The USGS Publications Warehouse provides a metadata source for all USGS Series Reports and journal articles authored and edited by USGS staff. It provides an additional source of information for CreativeWork items already in our graph via DOIs we've encountered elsewhere and pulled into that cache. For existing matches, we will be able to potentially pick up abstracts and email identifiers for authors/editors (unique to this internal catalog source). We will also pick up an important internal identifier ("IPDS number") that has to do with the review and publishing workflow and is referenced in project records that we are pulling in from another internal USGS source. This will help us in linking projects to publication products.

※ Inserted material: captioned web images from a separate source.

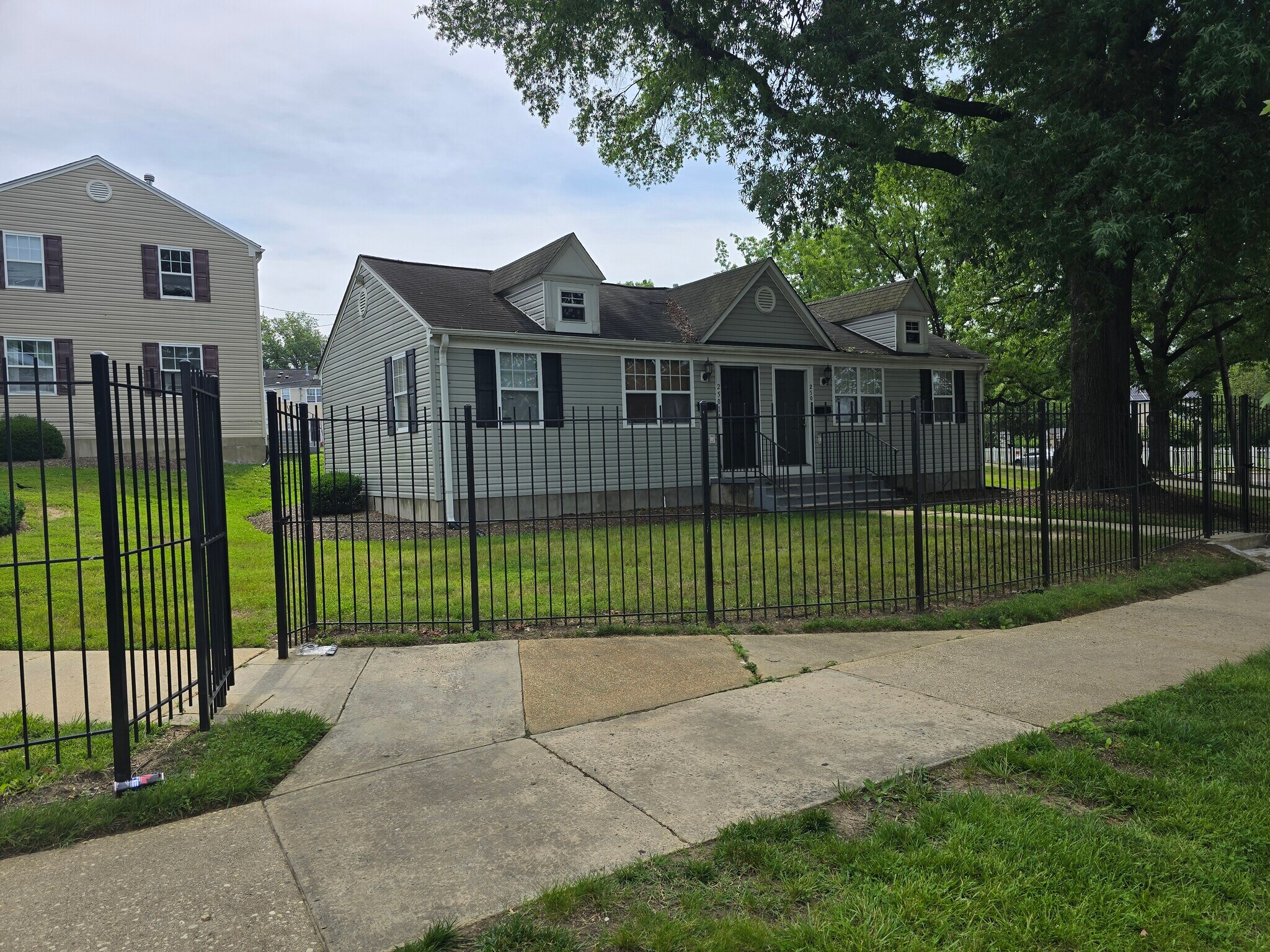 2501 Kent Town Pl, Hyattsville, MD for sale Primary Photo- Image 1 of 2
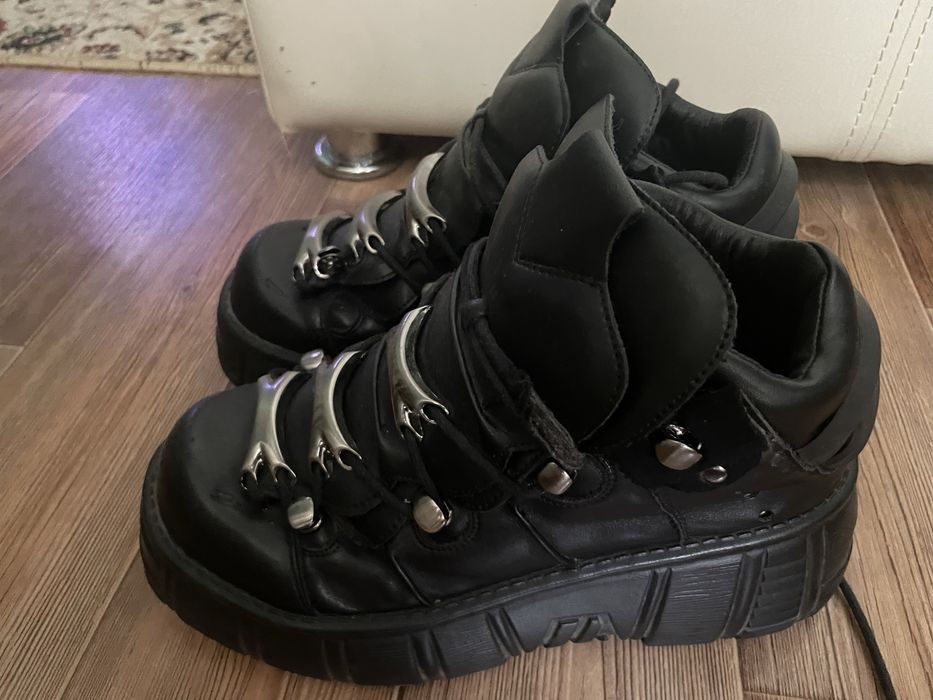 Продаю new rock черные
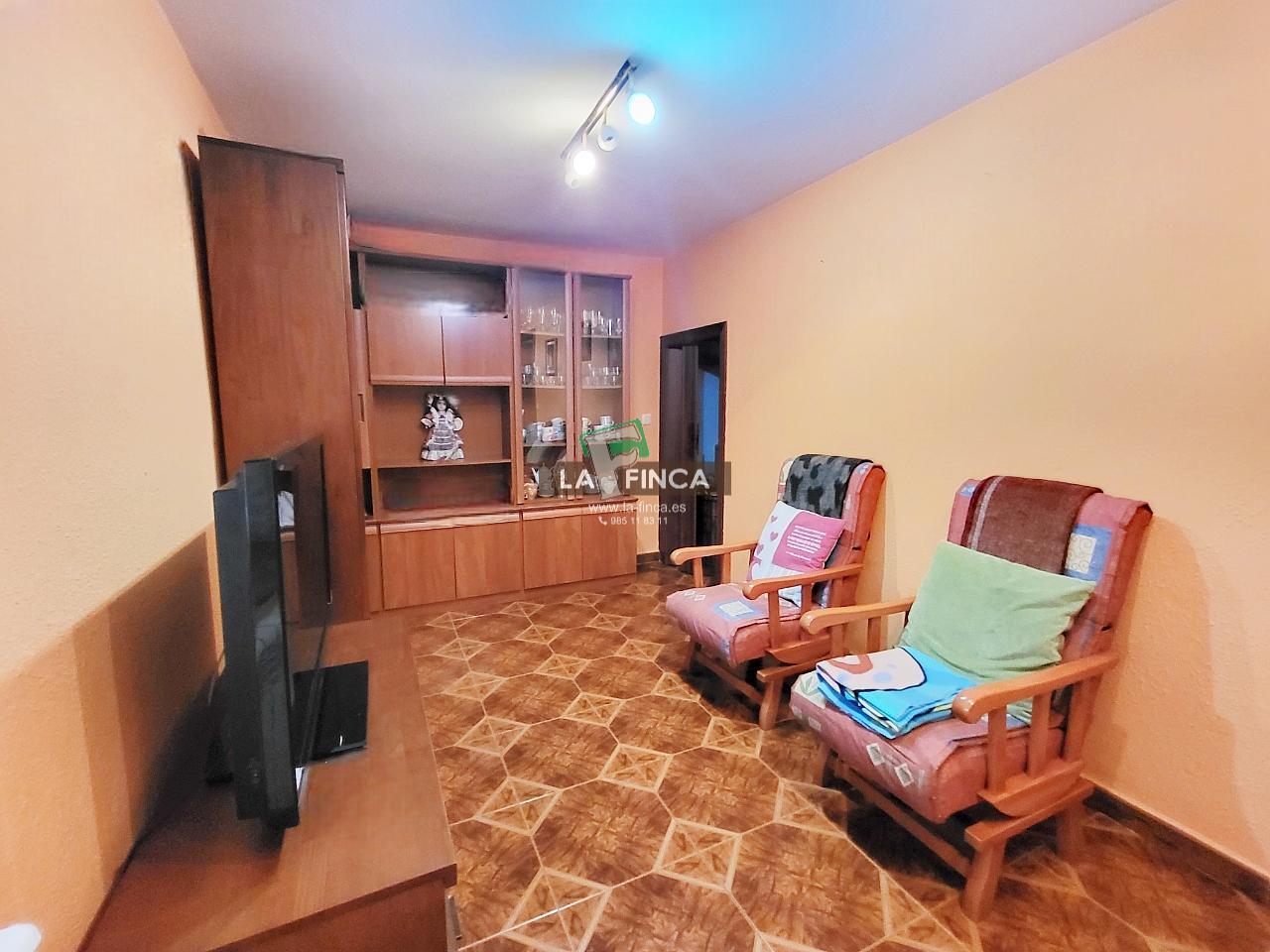 Venta de casa en Candamo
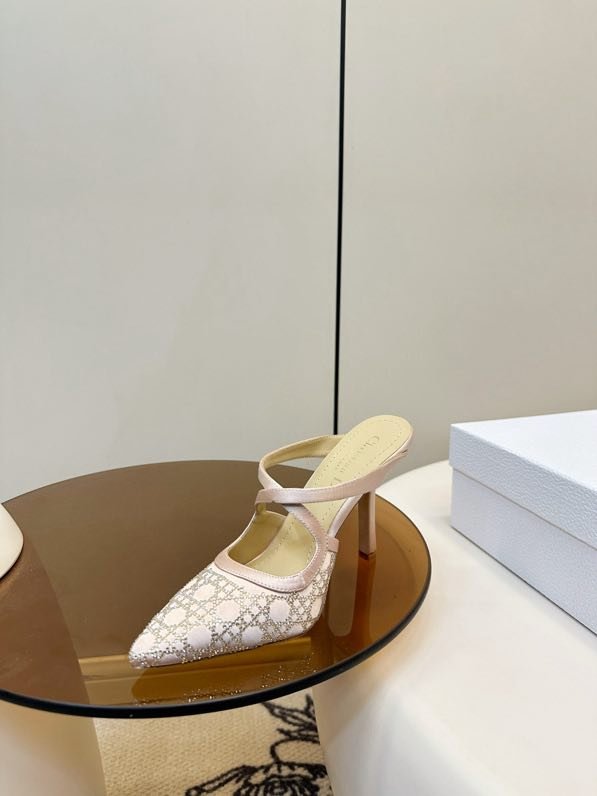 Босоніжки фото 6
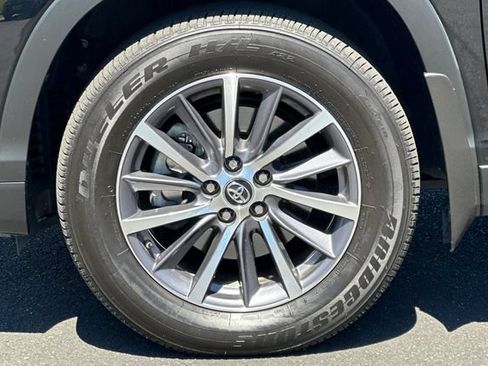 Certified 2019 Toyota Highlander XLE AWD/4WD image 33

For the purpose of our USGS graph, I made some decisions in the Pubs Warehouse data building code to filter the Pubs Warehouse records to only those that we can link to authors or editors via email or orcid identifiers to people we already have in our graph via the master source in the ScienceBase Directory. This limits the set of publications to 20K or so, but gives us a reasonable set of information to work against for the types of queries we are exploring in examining current capacity for various kinds of research.

Still to do: The Cost Center information in Pubs Warehouse records deserves further investigation, though we may get to the relationship between USGS organizational units and publications via another route as we start to bring in project information. We also get an indirect relationship from orgs to pubs via author affiliations, but that is transient and time steps may be off in the data.

In [1]:
import isaid_helpers
import pandas as pd

In [3]:
pd.read_csv(isaid_helpers.f_graphable_pw).head()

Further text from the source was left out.